Rising gas prices will take a big bite out of holiday spending
Rising fuel prices are fast becomingthe Grinch that stole Christmas.
American consumers are expected to have $46 billion less to spend on discretionary items like holiday presents this year, according to one study. That’s because of sharply rising inflation — a good part of which is tied to a big jump in the cost of gasoline and heating oil.
With more pain at the pump, there’s less money for the fun stuff, according to Customer Growth Partners.

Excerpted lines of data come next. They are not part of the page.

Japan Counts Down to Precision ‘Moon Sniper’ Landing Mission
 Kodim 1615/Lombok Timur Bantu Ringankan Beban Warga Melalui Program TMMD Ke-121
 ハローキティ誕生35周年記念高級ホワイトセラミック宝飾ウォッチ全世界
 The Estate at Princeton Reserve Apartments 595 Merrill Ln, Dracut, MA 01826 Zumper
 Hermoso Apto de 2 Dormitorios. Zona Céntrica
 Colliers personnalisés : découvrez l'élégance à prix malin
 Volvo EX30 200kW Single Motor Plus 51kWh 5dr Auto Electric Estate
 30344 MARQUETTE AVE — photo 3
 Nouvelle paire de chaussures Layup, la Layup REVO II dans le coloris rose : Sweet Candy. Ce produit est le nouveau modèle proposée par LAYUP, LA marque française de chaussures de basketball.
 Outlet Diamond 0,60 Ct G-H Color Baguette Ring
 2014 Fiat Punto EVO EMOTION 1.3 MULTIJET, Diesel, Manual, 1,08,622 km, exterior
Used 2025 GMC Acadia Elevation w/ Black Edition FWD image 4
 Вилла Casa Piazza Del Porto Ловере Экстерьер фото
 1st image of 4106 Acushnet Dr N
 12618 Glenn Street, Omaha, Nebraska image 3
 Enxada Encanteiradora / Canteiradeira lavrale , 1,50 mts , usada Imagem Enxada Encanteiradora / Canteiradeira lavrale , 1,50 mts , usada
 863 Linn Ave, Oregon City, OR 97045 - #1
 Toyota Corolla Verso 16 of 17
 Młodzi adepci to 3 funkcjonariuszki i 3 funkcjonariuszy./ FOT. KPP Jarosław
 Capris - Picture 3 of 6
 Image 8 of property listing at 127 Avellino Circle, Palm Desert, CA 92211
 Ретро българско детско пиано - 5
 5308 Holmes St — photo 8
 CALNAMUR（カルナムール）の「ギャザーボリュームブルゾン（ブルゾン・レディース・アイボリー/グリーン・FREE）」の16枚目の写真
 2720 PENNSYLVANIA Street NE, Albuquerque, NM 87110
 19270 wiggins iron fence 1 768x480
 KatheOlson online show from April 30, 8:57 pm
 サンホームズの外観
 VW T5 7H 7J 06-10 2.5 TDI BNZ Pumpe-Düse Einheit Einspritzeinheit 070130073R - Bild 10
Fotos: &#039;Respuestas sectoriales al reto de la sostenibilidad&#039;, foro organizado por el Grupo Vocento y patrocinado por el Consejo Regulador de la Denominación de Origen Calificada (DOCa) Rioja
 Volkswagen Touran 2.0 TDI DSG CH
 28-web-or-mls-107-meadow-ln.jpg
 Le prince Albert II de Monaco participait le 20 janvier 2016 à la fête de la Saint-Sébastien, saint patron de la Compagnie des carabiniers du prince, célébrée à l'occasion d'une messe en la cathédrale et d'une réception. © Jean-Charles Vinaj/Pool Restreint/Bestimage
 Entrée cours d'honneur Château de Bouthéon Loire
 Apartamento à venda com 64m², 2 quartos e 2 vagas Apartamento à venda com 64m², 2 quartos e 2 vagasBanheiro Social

If it weren’t for inflation taking a bite out of household budgets, retail spending would likely continue its torrid pace: It’s risen 14 percent as of September when compared to last year. But because of rising prices, retail spending is expected to rise only 6.7 percent — to $813 billion — in November and December, according to CGP.
“That’s a significant deceleration,” Craig Johnson, CGP’s president told The Post. “The slowdown began in late September and we see it continuing through the rest of the year.”
A whopping $35 billion of the $46 billion bite in holiday budgets is attributed to gasoline costs, according to the retail consultancy.
Everyday consumers are also paying more to fill up their cars and heat their homes, Johnson says. For instance, average gasoline prices are up 54 percent across the country — to $3.34 — when compared to last year, according to data crunched by GasBuddy.com. That’s a rise of $1.17 a gallon.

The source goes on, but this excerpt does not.